ACTIVITY =
Copy the lines verbatim, beginning with the line that contains "265 Chatfield Drive N Property Photo 33" and continuing through the end of the data, and only those lines.

GIVEN ENTRIES =
= Beginning of Section =

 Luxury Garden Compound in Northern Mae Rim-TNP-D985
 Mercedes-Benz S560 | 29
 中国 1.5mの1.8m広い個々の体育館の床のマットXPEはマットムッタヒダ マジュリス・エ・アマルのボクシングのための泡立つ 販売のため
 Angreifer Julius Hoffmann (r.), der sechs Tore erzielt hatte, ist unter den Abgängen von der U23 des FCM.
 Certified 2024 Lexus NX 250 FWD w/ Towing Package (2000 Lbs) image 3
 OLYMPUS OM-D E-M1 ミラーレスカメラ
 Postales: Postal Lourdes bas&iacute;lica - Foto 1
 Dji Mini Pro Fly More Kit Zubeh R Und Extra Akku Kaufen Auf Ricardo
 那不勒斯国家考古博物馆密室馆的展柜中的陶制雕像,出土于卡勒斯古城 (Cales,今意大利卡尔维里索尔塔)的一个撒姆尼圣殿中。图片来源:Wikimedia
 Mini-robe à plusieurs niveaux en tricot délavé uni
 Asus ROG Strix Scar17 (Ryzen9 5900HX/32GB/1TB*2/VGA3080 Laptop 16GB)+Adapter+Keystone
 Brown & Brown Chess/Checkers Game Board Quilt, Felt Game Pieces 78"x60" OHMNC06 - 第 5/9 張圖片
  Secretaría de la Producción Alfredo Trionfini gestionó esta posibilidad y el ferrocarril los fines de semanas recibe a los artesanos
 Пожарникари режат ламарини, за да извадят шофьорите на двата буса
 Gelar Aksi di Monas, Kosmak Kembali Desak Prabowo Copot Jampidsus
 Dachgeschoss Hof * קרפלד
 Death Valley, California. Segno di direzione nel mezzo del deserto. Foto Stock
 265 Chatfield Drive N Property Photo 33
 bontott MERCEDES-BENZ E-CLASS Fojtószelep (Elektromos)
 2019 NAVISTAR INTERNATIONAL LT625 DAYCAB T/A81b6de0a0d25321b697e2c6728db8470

= End of Section =

RESULT =
 265 Chatfield Drive N Property Photo 33
 bontott MERCEDES-BENZ E-CLASS Fojtószelep (Elektromos)
 2019 NAVISTAR INTERNATIONAL LT625 DAYCAB T/A81b6de0a0d25321b697e2c6728db8470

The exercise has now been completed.